In this way, the GNTL-MMTP connection essentially acts as a battery. When wind power is abundant in the United States, Manitoba Hydro can pool its water (partly using wind energy to hold the water behind the turbines).
When wind power is lacking or when demand peaks, Manitoba Hydro can release more water and increase its hydropower output heading south.
While the Manitoba-Minnesota project is now operating efficiently and effectively, getting to this point was not easy. From the start of planning in 2012 to completion, the project took about eight years.
A certificate of need was required from the Minnesota Public Utilities Commission; it was granted in 2015. The commission also had to approve a route permit. That occurred in 2016, the same year that the U.S. Department of Energy issued a presidential permit, which was required to connect to Manitoba Hydro’s system at the U.S.-Canadian border.
Finally, right-of-way permissions were needed from several local governments along the 224-mile transmission lines, including the sovereign Red Lake Band of Chippewa Indians.
Along the way, too, utilities had to secure what Maxwell calls the “social license” — acceptance of the transmission line from various stakeholders concerned about it.
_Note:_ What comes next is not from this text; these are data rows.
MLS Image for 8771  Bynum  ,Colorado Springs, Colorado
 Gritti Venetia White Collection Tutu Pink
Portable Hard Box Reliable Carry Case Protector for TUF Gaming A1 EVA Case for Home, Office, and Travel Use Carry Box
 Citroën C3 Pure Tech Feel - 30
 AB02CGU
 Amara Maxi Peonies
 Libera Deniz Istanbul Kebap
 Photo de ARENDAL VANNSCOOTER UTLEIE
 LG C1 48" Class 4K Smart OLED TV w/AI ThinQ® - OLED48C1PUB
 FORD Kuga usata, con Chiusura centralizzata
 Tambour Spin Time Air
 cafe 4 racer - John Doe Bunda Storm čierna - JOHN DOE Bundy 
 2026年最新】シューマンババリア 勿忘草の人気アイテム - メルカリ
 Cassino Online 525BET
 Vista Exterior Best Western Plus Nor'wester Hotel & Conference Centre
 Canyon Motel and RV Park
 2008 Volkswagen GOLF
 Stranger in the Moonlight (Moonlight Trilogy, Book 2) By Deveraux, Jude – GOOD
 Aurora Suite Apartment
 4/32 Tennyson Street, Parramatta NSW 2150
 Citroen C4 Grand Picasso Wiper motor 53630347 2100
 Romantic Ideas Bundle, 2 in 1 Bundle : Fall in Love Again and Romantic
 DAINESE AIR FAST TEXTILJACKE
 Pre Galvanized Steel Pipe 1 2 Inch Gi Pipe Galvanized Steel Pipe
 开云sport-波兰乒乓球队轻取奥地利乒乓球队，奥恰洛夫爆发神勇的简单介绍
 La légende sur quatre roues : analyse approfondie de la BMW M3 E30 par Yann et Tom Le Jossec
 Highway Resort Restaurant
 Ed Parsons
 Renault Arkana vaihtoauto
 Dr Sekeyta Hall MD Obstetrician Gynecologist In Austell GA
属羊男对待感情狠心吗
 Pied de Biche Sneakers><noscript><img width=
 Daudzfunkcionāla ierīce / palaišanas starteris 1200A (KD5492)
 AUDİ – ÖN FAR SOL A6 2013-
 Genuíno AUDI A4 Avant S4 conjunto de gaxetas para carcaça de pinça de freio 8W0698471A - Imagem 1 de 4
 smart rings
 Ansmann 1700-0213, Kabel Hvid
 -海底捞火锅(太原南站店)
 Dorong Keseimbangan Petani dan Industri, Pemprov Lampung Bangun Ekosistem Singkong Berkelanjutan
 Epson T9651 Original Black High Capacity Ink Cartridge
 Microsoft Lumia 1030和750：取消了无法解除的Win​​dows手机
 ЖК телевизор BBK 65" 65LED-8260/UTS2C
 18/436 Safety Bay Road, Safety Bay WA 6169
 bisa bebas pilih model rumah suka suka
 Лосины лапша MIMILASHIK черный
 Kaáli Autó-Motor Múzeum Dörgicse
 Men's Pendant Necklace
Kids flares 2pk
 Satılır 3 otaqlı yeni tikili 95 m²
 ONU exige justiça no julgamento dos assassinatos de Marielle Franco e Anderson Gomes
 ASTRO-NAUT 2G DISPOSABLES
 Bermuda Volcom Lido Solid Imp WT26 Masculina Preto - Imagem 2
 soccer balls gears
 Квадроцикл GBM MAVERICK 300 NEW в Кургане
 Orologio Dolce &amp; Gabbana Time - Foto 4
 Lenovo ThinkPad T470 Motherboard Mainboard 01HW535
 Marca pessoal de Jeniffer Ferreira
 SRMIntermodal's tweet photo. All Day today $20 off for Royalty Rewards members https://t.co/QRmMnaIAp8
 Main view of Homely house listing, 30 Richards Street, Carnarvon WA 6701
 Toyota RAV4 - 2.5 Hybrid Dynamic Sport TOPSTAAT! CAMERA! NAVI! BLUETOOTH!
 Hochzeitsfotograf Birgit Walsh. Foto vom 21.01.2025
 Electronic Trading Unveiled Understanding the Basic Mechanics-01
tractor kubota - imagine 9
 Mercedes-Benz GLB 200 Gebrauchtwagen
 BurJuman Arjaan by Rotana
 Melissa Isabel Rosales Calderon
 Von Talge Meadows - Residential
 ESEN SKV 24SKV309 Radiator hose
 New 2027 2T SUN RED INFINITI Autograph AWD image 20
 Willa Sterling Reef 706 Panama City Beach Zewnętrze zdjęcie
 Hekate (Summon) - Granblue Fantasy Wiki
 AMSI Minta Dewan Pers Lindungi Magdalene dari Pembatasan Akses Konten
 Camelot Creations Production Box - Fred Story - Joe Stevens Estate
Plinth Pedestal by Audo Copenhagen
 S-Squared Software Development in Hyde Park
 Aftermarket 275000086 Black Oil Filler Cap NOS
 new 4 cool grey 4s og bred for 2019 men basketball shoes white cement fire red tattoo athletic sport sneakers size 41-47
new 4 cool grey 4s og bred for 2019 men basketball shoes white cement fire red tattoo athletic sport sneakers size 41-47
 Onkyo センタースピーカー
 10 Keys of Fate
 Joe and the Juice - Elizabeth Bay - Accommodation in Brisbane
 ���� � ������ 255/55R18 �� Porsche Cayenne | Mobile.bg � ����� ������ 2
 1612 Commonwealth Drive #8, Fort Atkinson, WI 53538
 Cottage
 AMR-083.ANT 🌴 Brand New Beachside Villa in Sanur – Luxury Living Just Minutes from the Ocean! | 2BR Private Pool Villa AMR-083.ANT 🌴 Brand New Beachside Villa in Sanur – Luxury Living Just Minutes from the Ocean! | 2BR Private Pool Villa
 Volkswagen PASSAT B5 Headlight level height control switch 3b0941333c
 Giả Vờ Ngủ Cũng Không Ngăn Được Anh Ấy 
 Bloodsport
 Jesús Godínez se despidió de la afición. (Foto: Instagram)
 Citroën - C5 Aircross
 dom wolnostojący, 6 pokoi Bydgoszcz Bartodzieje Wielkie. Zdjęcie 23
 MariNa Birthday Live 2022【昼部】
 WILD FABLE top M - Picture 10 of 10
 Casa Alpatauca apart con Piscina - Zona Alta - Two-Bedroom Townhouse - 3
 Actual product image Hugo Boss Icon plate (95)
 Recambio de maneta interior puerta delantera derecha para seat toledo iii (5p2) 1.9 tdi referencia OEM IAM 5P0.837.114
Without proper engagement, he says, projects can often fail on regulatory licensing because of opposition from stakeholders.
This is where legislators and other policymakers on both sides of the border can make a big difference.
“Bring the people together to create greater acceptance [of these cross-border energy projects],” Maxwell says. “I think the role for government is to provide that leadership.”
Additionally, as electricity demand and the need to integrate clean energy grows, completing new international and inter-regional transmission lines in a timely manner becomes essential.
“It took us over 10 years to bring this line to fruition,” Pierce says.
“If we want to meet the goals that we have between our two nations and for North American more broadly, and even the globe, we’re going to need to get better at process and streamlining that ability to build infrastructure through thoughtful coordination and reform.”